I am running HA 2021.1.5 in a Docker container on a Linux desktop, using ZHA for Zigbee, with the HUSBZB-1 USB stick for Zigbee and Z-Wave.

My first suspicion was that this was a reception problem, as the house is large and old and we had WiFi reception issues due to some really thick and heavy walls, and the server with USB stick is in the basement. However, I tried a few things to address this with no change:
(1) I attached my Zigbee USB stick to a USB extender and taped the stick high on the wall, away from my computer.
(2) I found that the Zigbee channel that the stick was using overlapped in frequency with WiFi 2.4GHz channel 1, and at the time my WiFi was using channel 1 for 2.4GHz (on auto mode), so I configured my WiFi auto channel selector to exclude channel 1 and only choose from channels 6 or 11. Analyzing the nearby WiFi signals shows that none of my neighbors have strong channel 1 signals nearby that should be affecting anything.
Some other evidence further suggests that reception is not the issue:
(1) The overhead bulbs in my basement, right next to my Zigbee USB stick with no walls or any other form of interference between them, exhibit the same issue just as often as anywhere else in the house.
(2) When the issue happens, it applies the same to all bulbs in the group. I’m not familiar with the deep implementation details of Zigbee multicast, but if there were reception issues I’d sometimes expect some members of the group to receive the message and others wouldn’t, even if they’re in the same room.

My current suspicion is some sort of software issue, either in the bulbs themselves (but why would it start after a few months?) or in ZHA (I wish I had taken more notice of if this happened after a HA upgrade). I have turned on ZHA debug logging, reproduced the issue, and captured this: http://sprunge.us/K1k0ts
If you search for APS_DEFRAG_DEFERRED, I believe that’s the timing where the issue occurred. Previous times that I’ve attempted to debug this using the logs, I’ve seen the same status code come up when the issue happens.

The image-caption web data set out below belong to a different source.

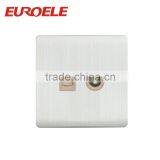 British Standard White Aluminum Panel TV Satellite and Tel Electrical Wall Socket thumbnail-3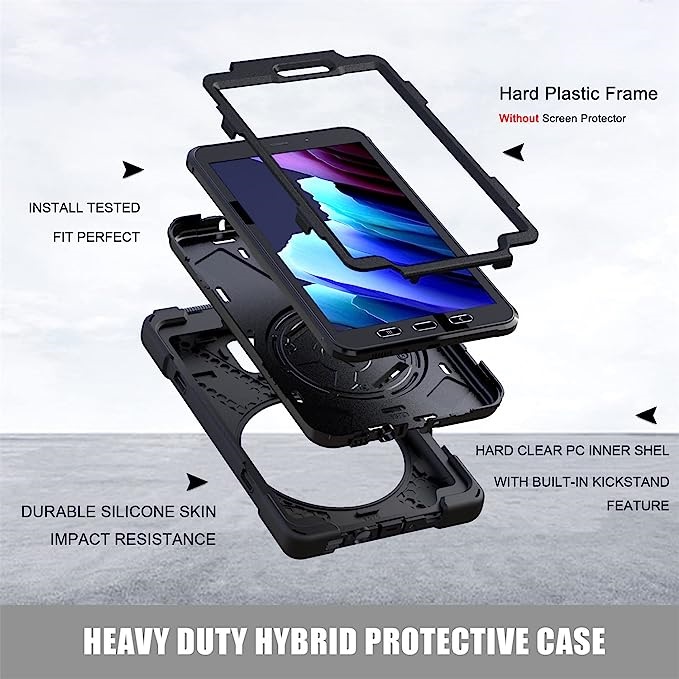 Pisen Rugged Samsung Galaxy Tab Active3 (8") Case Black - Built-in-Kickstand, Adjustable Hand Strap, Shoulder Strap, Pen Holder, DropProof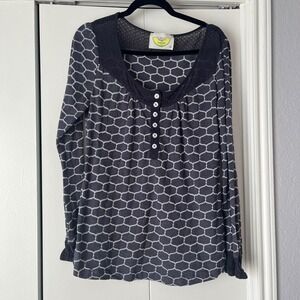 Honeydew Intimates Henley‎ Top Long Sleeve Geometric Print Blouse XL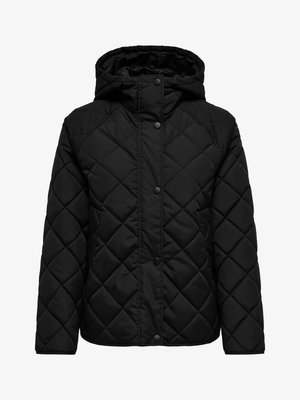 Veste matelassée noire avec capuche, présentant un motif de surpiqûres en losange, des boutons-pression et des manches longues. Fabriquée en matière synthétique lisse.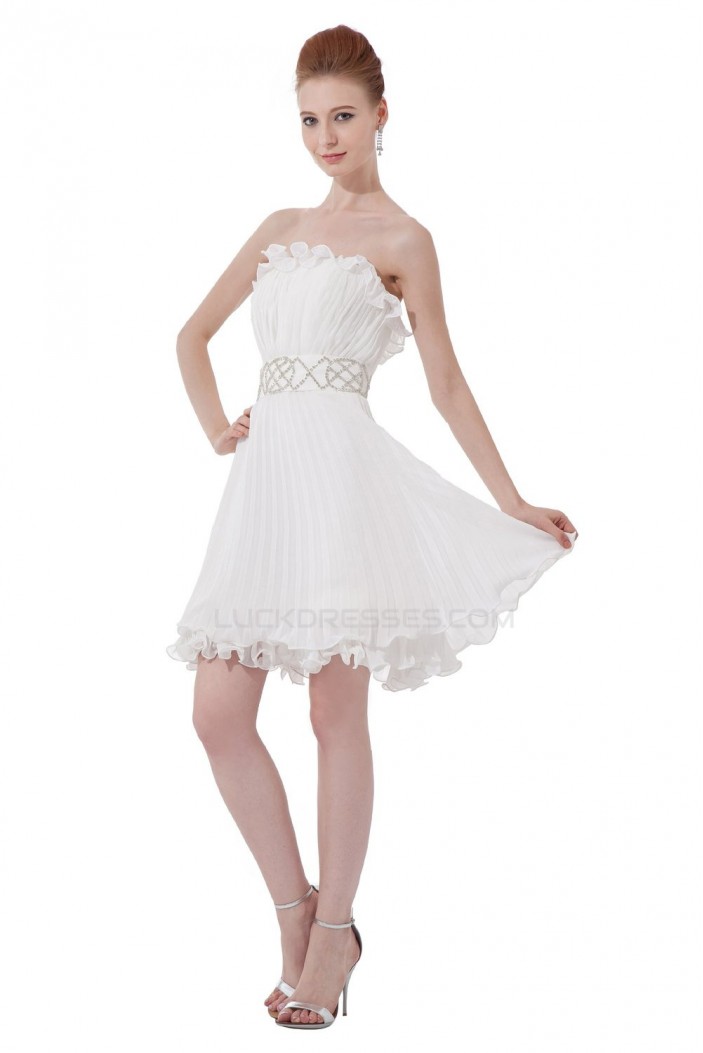 A-Line Strapless Pleated Short Beaded Chiffon Prom Evening Formal Party Dresses ED010493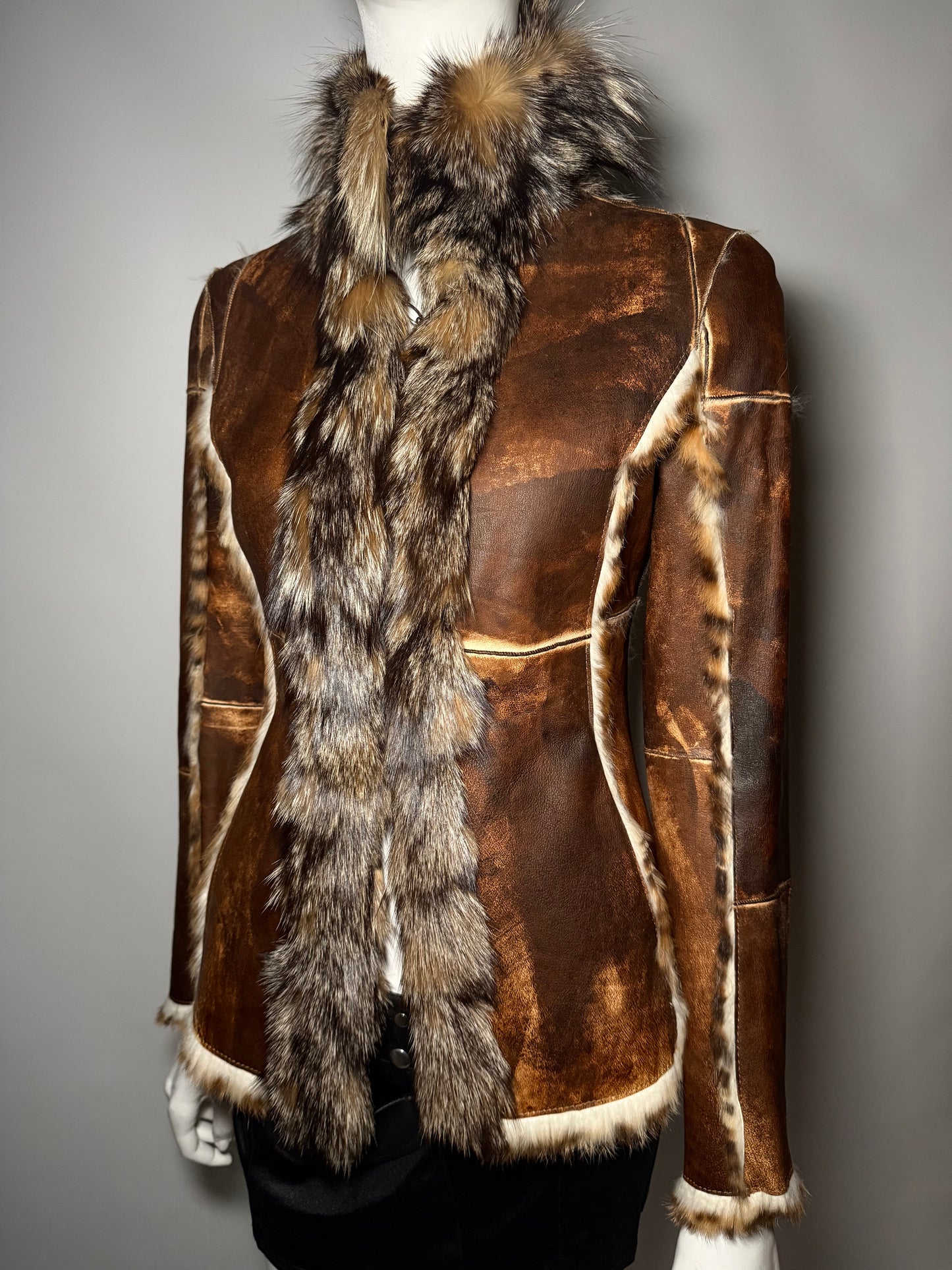 Vintage Italian leather jacket with natural fur Twinkling Global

Around this same time, I noticed that my hand-rolled adaptive/Circadian lighting setup started to turn on these bulbs and they’d be an incorrect lighting temperature, and then later on they’d be updated, which leads me to believe that the “turn on” command for these bulbs under the hood ends up being one which turns the light on and then another that sets the temp/brightness, and that often the first command would succeed then the second would fail.

What do you think? Thank you in advance for your help!

An update: I tried updating the firmware on my USB stick using https://github.com/walthowd/husbzb-firmware, the version is now 6.6.5, and the issue is still there with no change.

I was pointed to this in another thread, I note it looks like you are staying up with HA upgrades. With that seems that quite a bit of changes are occurring under the covers with ZHA and Bellows. Not sure which coordinator code your HUSBZB-1 USB uses, but wondering if you might have been bit by one of these upgrades? Seems like a lot going on in order to support both ZLL and now the Zigbee 3 lighting. Have a look at the options listed in second link below, some seem to sound in the area of the message you saw in log. I see posts from others with experience that some lights that ‘route’ can have problems, no way to turn this off with a firmware upgrade to lights that know of, what does your routing map look like. Maybe removing the bulbs and re adding them ‘VIA’ a router other than one of the bulbs???:

‘# Tons and tons of options’

CONFIG_MULTICAST_TABLE_SIZE
CONFIG_FRAGMENT_WINDOW_SIZE
CONFIG_FRAGMENT_DELAY_MS

@dproffer - I definitely suspect one of the upgrades that I did a few months back. I tried at one point to downgrade to a version I might have had installed at that time to see if that would resolve it and give me a lead of how to fix it going forward, but I didn’t know exactly what version I was running (if I could find out which Docker image versions I had deployed in the past that would help), and when I picked a random version I got startup crashes with my modern configuration and databases and it didn’t seem productive to debug all those and try to get that old version running.

I just turned on source routing with a table size of 100 (the ZHA integration says I currently have 88 devices, though some of them are offline as I haven’t needed them since moving out of my old apartment). The issue is still happening, but one of the docs mentioned that it takes a while for source routing to rearrange things so I’ll try it again tomorrow morning. Thank you for the tips!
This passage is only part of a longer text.